米ルイジアナ州沿岸部、ハリケーン「アイダ」の被害で電力復旧に数週間か

(米国)

ヒューストン発

2021年08月31日

米国ルイジアナ州沿岸を襲ったハリケーン「アイダ」の影響で、進路となったルイジアナ州東部のニューオリンズ周辺では大規模停電が発生している。米国中部時間の8月30日午後3時(日本時間31日午前5時)時点で、州内最大の電力事業者エンタジー(本社:ルイジアナ州ニューオリンズ)の契約者130万件のうち、82万件強が停電になっている(民間電力情報サイト・パワーアウテージUS)。ニューオリンズ市を含むオリンズ郡の停電率は92.7%に上る。

停電率98%を超えるメキシコ湾沿岸のテレボーン郡(郡庁所在地ホーマ市)、ラフーシュ郡(郡庁所在地ティビドー市)では、復旧まで数週間を要する可能性が指摘されている。

今回のハリケーンに伴い、ルイジアナ州のホーマ港、ニューオリンズ港、ミシシッピ州のビロクシ港、ガルフポート港、パスカグーラ港、メキシコ湾沿岸内水路が閉鎖された。

石油ガス企業は、ハリケーン襲来前日の8月28日までに沖合290施設から人員を退避するなどして備えており、メキシコ湾岸の石油生産は日量91%(165万バレル)の減少となった。

ルイジアナ州沿岸から約18マイル(約29キロ)沖合にある、民間所有では米国最大の原油ターミナル「ルイジアナ・オフショア・オイル・ポート」は、ハリケーン被害が想定されたことから操業を停止していた。

エクソンモービル(本社:テキサス州アービング)は、ルイジアナ州バトンルージュの製油所での製造を日量52万バレルから50%削減したほか、ハリケーンの通過により輸送用トラックが製油施設に近づけないことから隣接する化学プラントの一部を閉鎖した。

アイダが上陸した8月29日は、2005年にニューオリンズ周辺を襲ったハリケーン「カトリーナ」からちょうど16年に当たった。カトリーナの際にはニューオリンズの堤防が決壊し、約1,800人が死亡、被害額は750億ドルに上った。

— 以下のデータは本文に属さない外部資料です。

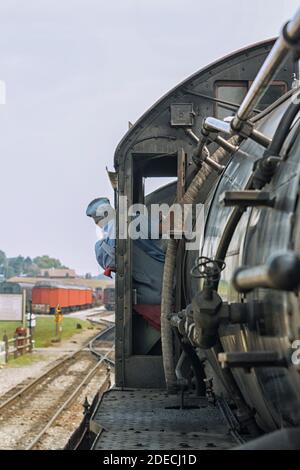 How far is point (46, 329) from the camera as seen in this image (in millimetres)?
38875

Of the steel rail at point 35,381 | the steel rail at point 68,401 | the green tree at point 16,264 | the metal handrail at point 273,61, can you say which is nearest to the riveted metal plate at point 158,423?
the metal handrail at point 273,61

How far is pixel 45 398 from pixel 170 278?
431 inches

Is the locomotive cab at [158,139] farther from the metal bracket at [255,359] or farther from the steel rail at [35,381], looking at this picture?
the steel rail at [35,381]

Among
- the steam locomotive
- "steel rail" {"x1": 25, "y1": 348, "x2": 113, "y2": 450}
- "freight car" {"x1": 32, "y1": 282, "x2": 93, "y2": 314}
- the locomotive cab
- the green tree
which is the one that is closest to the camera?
the steam locomotive

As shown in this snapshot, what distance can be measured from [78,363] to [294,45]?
864 inches

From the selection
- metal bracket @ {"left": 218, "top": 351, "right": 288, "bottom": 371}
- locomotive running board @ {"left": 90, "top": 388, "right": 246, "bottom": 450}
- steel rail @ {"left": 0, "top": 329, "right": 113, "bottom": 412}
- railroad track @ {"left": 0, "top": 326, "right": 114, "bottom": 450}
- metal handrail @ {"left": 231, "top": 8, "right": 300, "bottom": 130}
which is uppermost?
metal handrail @ {"left": 231, "top": 8, "right": 300, "bottom": 130}

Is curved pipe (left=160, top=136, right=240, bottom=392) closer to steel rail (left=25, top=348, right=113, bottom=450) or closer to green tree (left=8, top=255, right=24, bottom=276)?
steel rail (left=25, top=348, right=113, bottom=450)

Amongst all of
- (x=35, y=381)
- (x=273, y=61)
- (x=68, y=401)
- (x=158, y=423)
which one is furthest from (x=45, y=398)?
(x=273, y=61)

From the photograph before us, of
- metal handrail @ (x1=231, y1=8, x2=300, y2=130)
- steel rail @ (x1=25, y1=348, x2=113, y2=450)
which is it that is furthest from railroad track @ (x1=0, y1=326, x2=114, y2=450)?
metal handrail @ (x1=231, y1=8, x2=300, y2=130)

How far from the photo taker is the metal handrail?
221 centimetres

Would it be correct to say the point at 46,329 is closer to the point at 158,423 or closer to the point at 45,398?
the point at 45,398

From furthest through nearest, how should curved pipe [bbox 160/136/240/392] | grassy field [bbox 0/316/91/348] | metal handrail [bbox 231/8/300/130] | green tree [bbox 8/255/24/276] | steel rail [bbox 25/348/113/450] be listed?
1. green tree [bbox 8/255/24/276]
2. grassy field [bbox 0/316/91/348]
3. steel rail [bbox 25/348/113/450]
4. curved pipe [bbox 160/136/240/392]
5. metal handrail [bbox 231/8/300/130]

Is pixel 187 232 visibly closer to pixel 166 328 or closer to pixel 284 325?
pixel 166 328

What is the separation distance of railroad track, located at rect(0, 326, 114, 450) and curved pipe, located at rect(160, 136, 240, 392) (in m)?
5.49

今回の被害の全容はまだ明らかではないが、風速こそ最大150マイル/時(約67メートル/秒)と、カトリーナの127マイル/時(約57メートル/秒)よりも大きかったものの、比較的小規模だった。ルイジアナ州のジョン・ベル・エドワーズ知事は、カトリーナ後に同州内堤防の重点的整備が進み、今回はうまく機能したが、住宅や企業に甚大な被害をもたらしたと述べている。8月30日午後3時時点で死者は2人となっている。